WORK ITEM:
Only one stretch of the records below should be repeated. It starts with the line containing "Superhuman Battlefield Chapter" and goes on through the line containing "Tourbillon CNC 1602-JDBM", exactly as written.

EXERCISE INPUT:
•••
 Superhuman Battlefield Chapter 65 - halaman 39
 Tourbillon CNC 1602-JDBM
•••
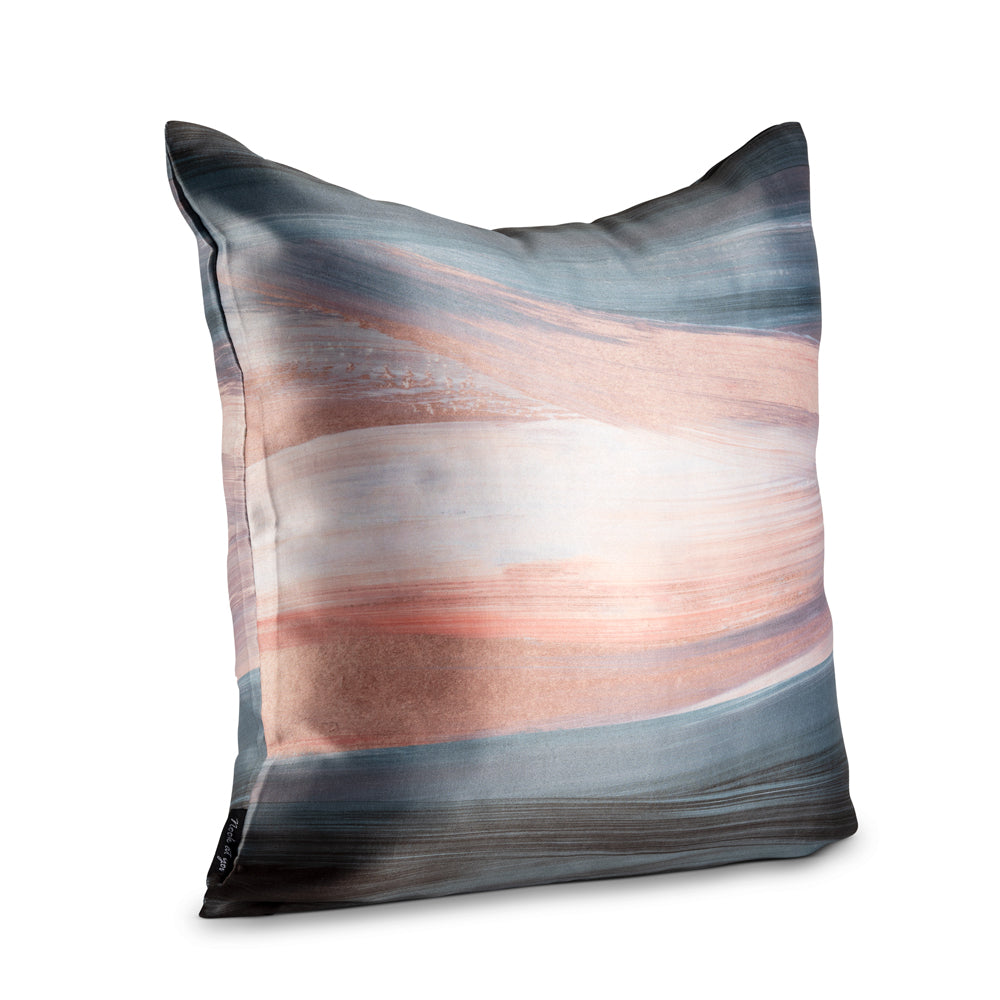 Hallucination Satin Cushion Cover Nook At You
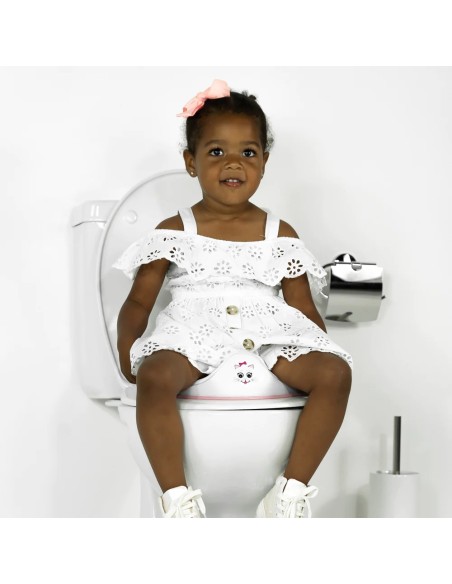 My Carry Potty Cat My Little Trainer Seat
•••
SOLVED EXERCISE:
 Superhuman Battlefield Chapter 65 - halaman 39
 Tourbillon CNC 1602-JDBM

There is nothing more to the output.